Search Feature Differences in an HA Environment

The search feature implemented for HA differs a great deal from the search currently used in a non-HA environment.

HA search has the following requirements:

  • At least one search criterion is required when searching through the UI

  • At least one additional search criterion is required beyond format when searching through the UI

  • Each search criteria must be at least three characters long

  • Leading wildcard search is not supported; however, you may use a trailing wildcard (i.e., prefix search)

  • Searches cannot begin with special characters followed by a wildcard

  • All keyword searches automatically append a wildcard (*) at the end of each criterion

Example Invalid Search Patterns

The following search patterns are some that may work in non-HA environments but will not work in an HA environment

Invalid Pattern

Reasoning

"*"

Less than three characters long; leading wildcard not supported

"he*"

Less than three characters long

"he*@_"

User criteria ("@_") contains only an underscore

"he*@/"

User criteria ("@/") contains only a forward slash

"he*@*"

User criteria ("@*") contains only a wildcard

"/*/hel"

Search begins with a special character followed by a wildcard

"$%*hel"

Search begins with two special characters followed by a wildcard

Logging

Container-based cloud deployments use statefulsets to dynamically provision a volume per pod. This is done through dynamic provisioning of EBS for AWS or Azure Disk for Azure.

For both container and non-container-based on-premises as well as for non-container-based cloud deployments, each Nexus Repository instance runs on a single VM/bare metal machine and will write logs to the local disk.

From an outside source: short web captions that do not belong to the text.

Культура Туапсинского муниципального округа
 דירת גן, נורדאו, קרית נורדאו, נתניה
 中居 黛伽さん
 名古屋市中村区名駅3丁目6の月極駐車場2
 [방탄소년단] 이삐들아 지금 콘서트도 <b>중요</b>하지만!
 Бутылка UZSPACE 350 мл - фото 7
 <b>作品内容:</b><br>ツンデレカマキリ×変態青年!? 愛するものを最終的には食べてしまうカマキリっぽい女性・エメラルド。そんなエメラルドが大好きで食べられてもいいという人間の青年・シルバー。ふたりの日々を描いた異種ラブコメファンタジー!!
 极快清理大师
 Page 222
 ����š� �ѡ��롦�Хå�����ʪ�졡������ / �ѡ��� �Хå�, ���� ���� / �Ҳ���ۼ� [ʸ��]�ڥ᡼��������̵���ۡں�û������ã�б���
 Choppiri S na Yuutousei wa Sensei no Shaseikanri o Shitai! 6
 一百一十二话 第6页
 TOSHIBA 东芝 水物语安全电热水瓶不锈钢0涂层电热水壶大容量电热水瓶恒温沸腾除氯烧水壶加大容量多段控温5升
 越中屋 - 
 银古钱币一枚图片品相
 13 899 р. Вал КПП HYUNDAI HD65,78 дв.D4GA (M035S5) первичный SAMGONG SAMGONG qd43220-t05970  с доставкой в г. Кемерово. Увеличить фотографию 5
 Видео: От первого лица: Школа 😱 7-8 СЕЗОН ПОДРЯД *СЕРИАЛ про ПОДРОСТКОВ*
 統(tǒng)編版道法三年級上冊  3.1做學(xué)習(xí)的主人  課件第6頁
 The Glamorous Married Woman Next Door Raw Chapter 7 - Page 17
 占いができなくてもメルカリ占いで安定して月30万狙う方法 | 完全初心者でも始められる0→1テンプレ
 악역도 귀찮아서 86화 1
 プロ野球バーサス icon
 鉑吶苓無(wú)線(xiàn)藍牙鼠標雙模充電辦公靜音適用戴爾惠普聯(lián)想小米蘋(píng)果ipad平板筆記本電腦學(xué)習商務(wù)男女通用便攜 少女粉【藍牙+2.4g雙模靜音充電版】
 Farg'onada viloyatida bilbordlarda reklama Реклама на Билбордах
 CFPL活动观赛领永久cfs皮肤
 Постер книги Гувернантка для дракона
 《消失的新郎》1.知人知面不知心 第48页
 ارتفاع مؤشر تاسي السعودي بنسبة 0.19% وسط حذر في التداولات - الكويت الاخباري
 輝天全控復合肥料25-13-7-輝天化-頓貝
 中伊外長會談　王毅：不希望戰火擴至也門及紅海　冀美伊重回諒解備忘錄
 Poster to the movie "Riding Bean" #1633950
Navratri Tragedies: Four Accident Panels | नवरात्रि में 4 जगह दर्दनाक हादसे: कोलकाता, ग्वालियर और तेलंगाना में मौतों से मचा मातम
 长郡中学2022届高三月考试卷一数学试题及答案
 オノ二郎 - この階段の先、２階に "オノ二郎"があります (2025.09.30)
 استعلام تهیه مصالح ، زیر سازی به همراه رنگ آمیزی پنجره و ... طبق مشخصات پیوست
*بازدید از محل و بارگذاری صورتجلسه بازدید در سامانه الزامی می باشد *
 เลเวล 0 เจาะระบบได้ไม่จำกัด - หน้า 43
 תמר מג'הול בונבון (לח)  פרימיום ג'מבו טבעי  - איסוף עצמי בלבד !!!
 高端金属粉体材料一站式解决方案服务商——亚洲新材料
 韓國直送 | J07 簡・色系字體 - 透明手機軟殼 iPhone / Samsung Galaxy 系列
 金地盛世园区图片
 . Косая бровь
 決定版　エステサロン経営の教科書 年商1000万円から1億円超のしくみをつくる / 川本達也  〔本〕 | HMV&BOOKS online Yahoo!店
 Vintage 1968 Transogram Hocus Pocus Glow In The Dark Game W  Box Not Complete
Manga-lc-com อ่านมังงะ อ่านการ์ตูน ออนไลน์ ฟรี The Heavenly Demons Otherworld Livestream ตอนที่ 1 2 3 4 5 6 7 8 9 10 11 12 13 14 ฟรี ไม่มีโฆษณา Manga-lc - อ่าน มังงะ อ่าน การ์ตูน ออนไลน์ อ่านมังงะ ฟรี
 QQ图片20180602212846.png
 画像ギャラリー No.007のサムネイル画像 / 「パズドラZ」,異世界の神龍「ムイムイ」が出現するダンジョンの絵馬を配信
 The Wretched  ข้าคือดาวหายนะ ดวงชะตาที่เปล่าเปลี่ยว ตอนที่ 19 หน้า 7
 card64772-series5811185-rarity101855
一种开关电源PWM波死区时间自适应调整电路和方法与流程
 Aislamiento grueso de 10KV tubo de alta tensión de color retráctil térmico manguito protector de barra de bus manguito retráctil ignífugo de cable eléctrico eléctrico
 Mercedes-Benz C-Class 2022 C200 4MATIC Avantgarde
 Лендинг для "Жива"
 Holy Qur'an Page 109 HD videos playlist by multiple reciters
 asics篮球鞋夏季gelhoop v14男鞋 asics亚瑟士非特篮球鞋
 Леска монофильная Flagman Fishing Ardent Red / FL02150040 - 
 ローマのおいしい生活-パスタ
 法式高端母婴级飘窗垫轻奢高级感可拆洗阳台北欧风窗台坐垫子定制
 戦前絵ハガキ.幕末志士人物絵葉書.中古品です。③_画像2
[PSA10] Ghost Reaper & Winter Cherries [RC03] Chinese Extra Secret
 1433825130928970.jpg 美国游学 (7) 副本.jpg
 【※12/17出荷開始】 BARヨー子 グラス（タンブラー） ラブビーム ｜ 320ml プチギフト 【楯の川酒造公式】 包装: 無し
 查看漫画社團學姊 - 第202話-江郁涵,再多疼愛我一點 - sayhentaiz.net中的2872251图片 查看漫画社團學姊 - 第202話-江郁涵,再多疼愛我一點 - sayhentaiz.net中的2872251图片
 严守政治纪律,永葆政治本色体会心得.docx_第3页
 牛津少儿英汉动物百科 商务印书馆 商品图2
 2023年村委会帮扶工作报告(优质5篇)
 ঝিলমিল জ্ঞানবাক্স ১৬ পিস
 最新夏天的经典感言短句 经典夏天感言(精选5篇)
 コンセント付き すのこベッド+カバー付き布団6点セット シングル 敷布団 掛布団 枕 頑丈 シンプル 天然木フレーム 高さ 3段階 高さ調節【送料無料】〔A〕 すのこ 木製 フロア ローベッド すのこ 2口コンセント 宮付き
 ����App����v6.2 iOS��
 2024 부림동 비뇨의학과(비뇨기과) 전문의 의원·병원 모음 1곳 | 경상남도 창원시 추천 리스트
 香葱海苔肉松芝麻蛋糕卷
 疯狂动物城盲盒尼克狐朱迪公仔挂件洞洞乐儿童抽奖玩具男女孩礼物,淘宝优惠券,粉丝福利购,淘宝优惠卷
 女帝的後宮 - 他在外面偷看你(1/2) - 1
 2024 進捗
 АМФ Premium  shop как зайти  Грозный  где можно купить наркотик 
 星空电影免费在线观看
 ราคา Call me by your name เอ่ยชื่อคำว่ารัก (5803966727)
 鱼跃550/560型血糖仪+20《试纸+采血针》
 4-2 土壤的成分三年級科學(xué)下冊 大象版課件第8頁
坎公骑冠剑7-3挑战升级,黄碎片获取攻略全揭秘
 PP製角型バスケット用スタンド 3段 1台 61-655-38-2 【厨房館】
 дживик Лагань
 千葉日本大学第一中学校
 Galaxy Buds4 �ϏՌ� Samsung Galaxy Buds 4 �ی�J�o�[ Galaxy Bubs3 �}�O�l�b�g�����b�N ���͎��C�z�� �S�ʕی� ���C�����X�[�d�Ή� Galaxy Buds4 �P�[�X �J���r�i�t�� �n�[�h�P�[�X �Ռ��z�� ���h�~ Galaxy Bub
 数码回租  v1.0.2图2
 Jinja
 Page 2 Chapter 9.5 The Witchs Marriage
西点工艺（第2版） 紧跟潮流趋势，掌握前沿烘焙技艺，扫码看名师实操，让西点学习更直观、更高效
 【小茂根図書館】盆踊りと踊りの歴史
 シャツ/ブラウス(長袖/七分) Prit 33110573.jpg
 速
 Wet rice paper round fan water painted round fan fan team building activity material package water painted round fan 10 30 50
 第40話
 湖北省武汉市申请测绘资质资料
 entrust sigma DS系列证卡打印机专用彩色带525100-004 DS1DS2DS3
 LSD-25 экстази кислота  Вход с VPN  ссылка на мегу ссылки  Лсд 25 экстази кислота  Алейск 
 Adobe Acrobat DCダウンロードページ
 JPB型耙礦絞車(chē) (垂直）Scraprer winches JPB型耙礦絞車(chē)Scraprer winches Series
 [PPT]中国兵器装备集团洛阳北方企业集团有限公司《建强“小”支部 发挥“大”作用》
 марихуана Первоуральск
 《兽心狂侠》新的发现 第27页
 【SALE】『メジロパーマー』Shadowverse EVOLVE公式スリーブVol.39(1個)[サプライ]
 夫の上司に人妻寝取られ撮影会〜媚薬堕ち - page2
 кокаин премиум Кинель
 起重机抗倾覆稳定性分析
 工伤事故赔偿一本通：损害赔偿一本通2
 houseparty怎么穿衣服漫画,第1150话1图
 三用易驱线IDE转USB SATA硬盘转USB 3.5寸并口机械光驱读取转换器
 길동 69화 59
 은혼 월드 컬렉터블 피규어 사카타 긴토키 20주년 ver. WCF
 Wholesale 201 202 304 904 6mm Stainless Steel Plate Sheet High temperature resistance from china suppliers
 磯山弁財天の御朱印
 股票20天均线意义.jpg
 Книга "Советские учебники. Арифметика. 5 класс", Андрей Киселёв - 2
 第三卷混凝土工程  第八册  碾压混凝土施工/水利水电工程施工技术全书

In all cases, the correct node will respond to support zip generation requests and store the generated zip in the blob store.

Note

The Log Viewer is not available when using an HA deployment options.

Blob Storage

Enabling HA will disable the ability to create default blob stores and repositories. If you are already using the default blob store on your instance, you will need to follow the instructions in Migrating to Shared Blob Storage to change your default blob store's path to connect to a shared location.